A Universe of Incandescent Myths
The collection draws from a constellation of references that reads like a fever dream playlist: mystic sunsets, smoke-filled salles fumeurs, Josiah McElheny’s Island Universe, cosmic ballrooms, and lilies of the night. What holds it together is the tension between darkness and illumination, structure and sensuality. Intricate hand embroideries and lily cabochons surface across pieces with the kind of obsessive detail that only comes from genuine craft. Sculptural detailing anchors the silhouettes, while fluid construction and detachable elements introduce movement and transformation, garments that shift as the wearer moves through space.
The band Calico Mantra, dressed in Cucculelli Shaheen designs themselves, set the tone from the stage. Their live energy carried through the room and into the clothes, reinforcing the idea that for this house, music is not a backdrop. It is a collaborator.


Inside the Process: A Conversation with Anna Rose Shaheen
Speaking with DSCENE Editor-in-Chief Zarko Davinic immediately after the show, Anna Rose Shaheen offered a window into how the brand operates, and why the numbered collection system matters.
“We kind of make our collections pretty timeless,” Shaheen explained. “We try not to be too specific within a season because I feel like our customers are shopping all the time. We can show a collection, someone might buy the piece off the runway, or they might think about it and buy it down the road.” The numbered system, now at twenty-two, reinforces that philosophy. These are not disposable seasonal drops. They are chapters.
On the embroidery, which remains one of the most striking elements of the Cucculelli Shaheen vocabulary, Shaheen confirmed that all work is done by hand in India. “It’s always a real collaboration happening,” she said, noting that while the team doesn’t travel to India as often as they would like, the partnership runs deep, sustained through constant communication and shared creative intent.

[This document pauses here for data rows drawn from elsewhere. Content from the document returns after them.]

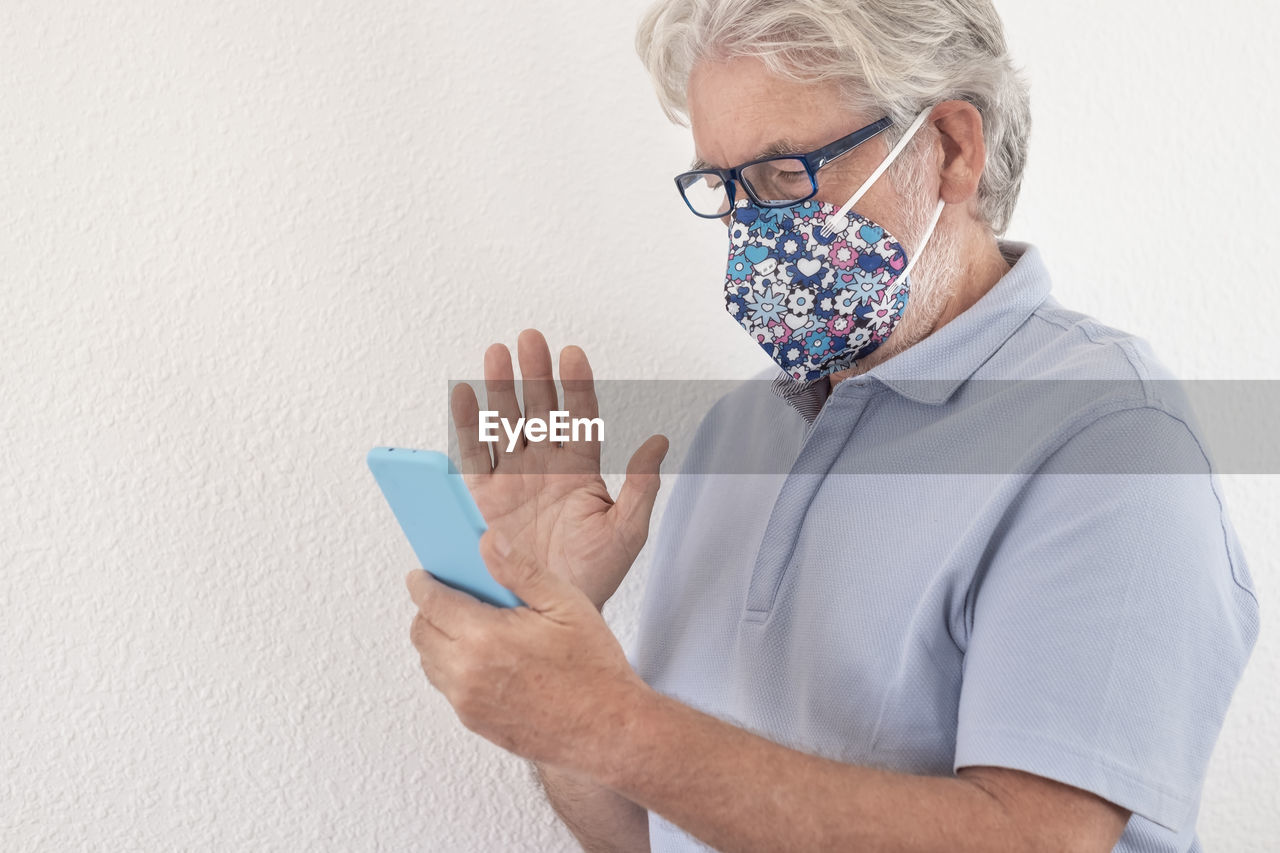 Senior man wearing mask using smart phone standing against wall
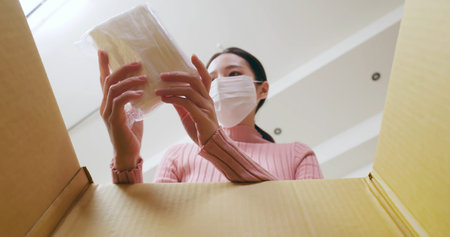 asian young woman wearing surgical face mask is opening online shopping parcel cardboard box during the epidemic prevention periodの写真素材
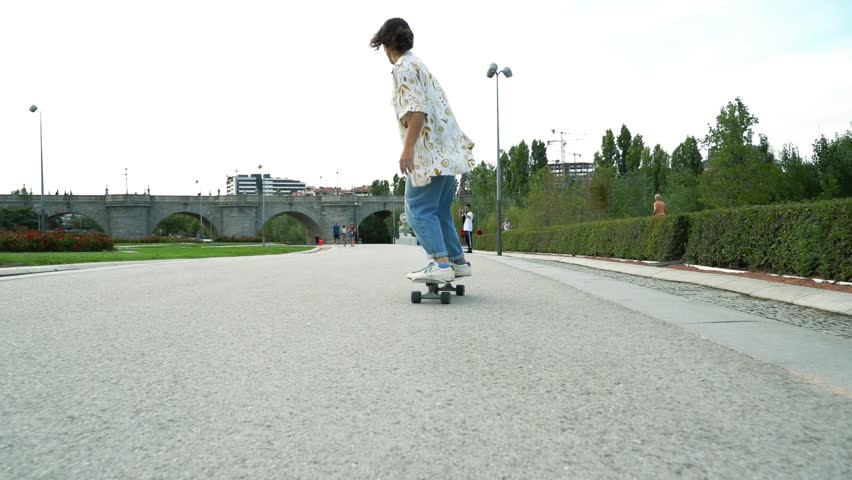 Captured in slow motion, a woman glides gracefully on her longboard, showcasing fluid movements and elegant balance.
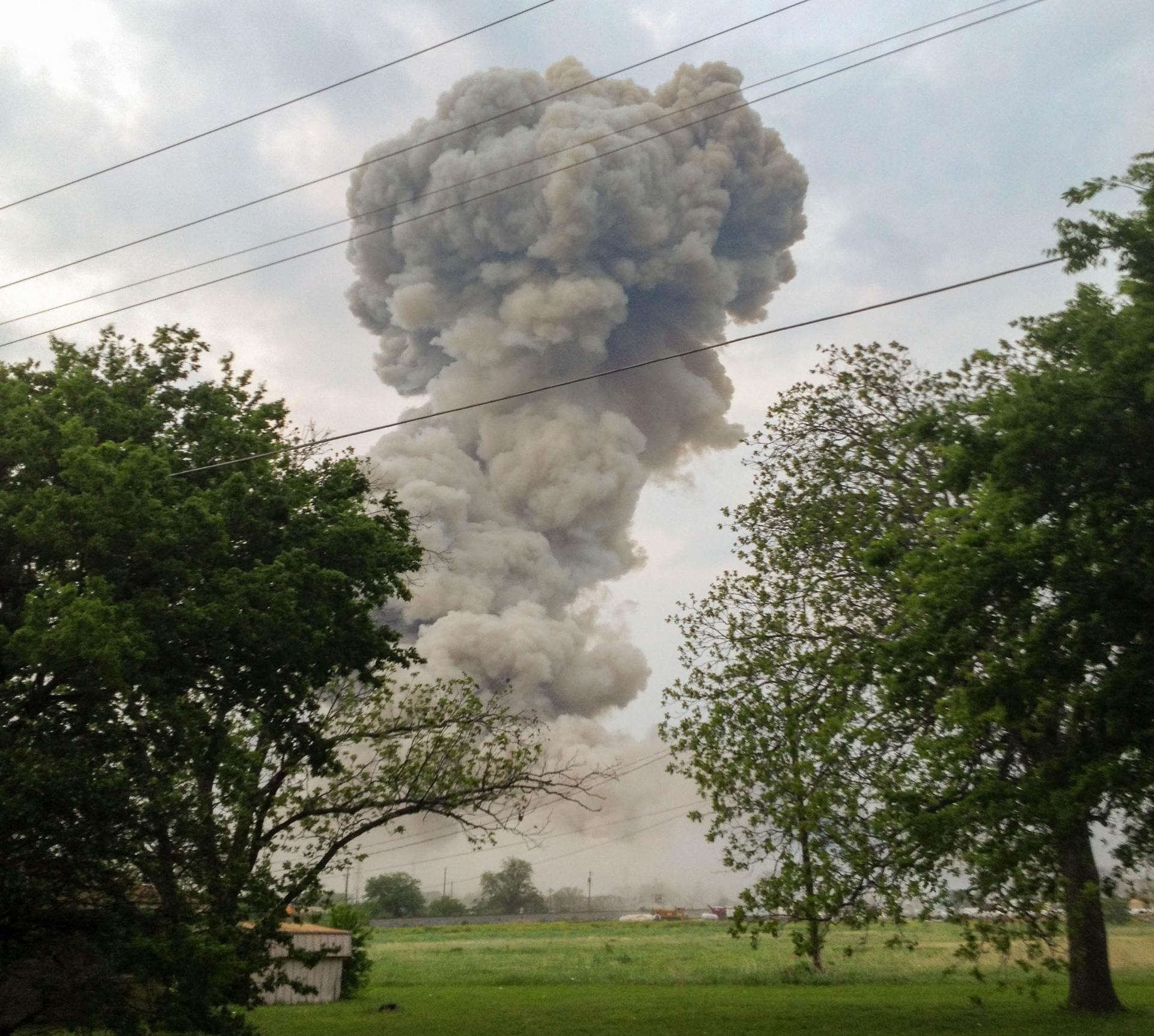 A plume of smoke is seen in the distance following an explosion.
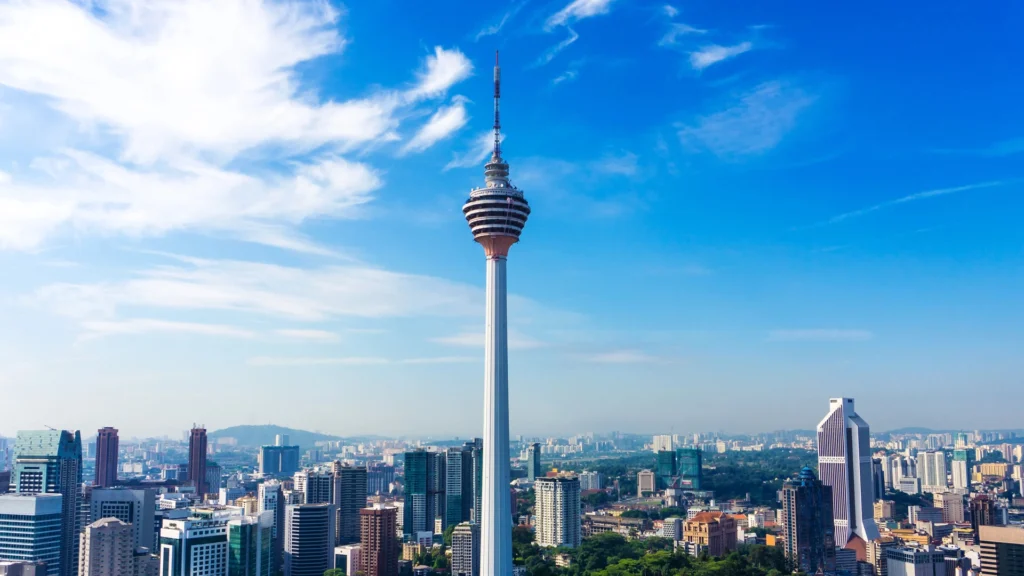 "Stunning view of Menara Kuala Lumpur (KL Tower) lit up at night in Malaysia"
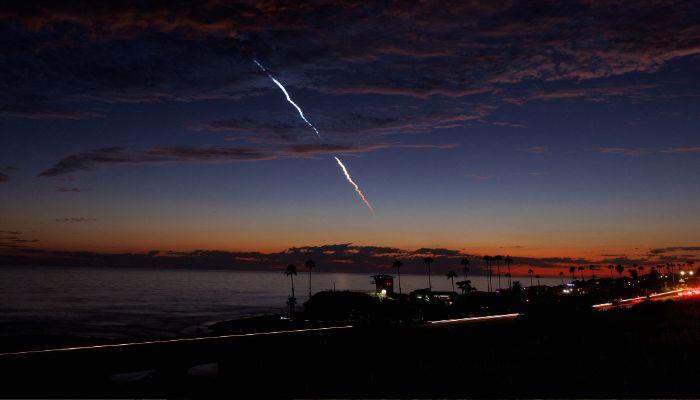 An evening launch of a SpaceX Falcon 9 rocket carrying 20 Starlink V2 Mini satellites, from Space Launch Complex at Vandenberg Space Force Base is seen over the Pacific Ocean from Encinitas, California, US on June 23, 2024.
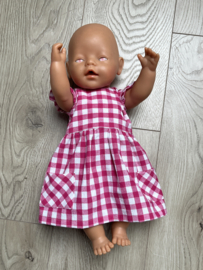 fuchsia ruitje jurk met ruffle mouw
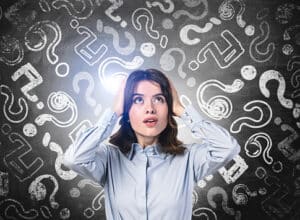 Thoughtful businesswoman wearing shirt is holding head with her hands. Sketch with lots of question marks on chalkboard in the background. Concept of searching for solution to buying life insurance.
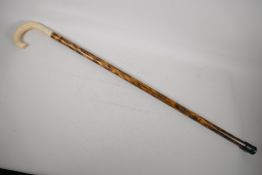A C19th Malacca walking cane, with woven metal ferrule. With broken bakelite tord to handle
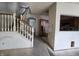 Open-concept living room area showing stairs, walls, and ceiling fan at 1017 Grovewood Dr, Beech Grove, IN 46107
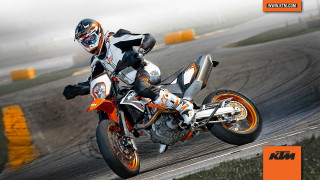Person riding motorcycle track helmet - action pose free wallpaper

When asked about how inspiration finds its way into the work, Shaheen described a process that is less about structured research trips and more about remaining open. “Sometimes we find inspiration in unlikely places. We could go on trips, some are unexpected. We both traveled a lot to the studio and it was such a big inspiration for us.” The same instinct applies to music. “We’d go to a new venue with a band and it was an imaginative thing,” she added, underscoring the organic relationship between sound and design that defines the house.


Ten Years in the Making
Electric Cosmos also arrives at a significant moment. Cucculelli Shaheen will mark its ten-year anniversary this fall, a milestone that traces back to the brand’s founding in 2016. When asked whether something special is planned for the occasion, Shaheen smiled. “We are celebrating it,” she confirmed, though details remain under wraps.
Inside Flaming Hearts with Shaheen and Cucculelli
A decade in, the house continues to operate on its own terms. Anna Rose Shaheen and Anthony Cucculelli built their partnership through stints at Emilio Pucci, Oscar de la Renta, Burberry, Calvin Klein, Yigal Azrouel, and Roberto Cavalli, and a formative period designing together in Florence. That accumulated knowledge shows in the construction, the material intelligence, and the refusal to separate fashion from the cultural forces that surround it.
Collection Twenty-Two is rock and roll in the truest sense: not as an aesthetic shortcut, but as an attitude. Craftsmanship meeting chaos. Structure meeting freedom. The Bowery Ballroom, for one night, became exactly the kind of cosmic ballroom the collection imagined.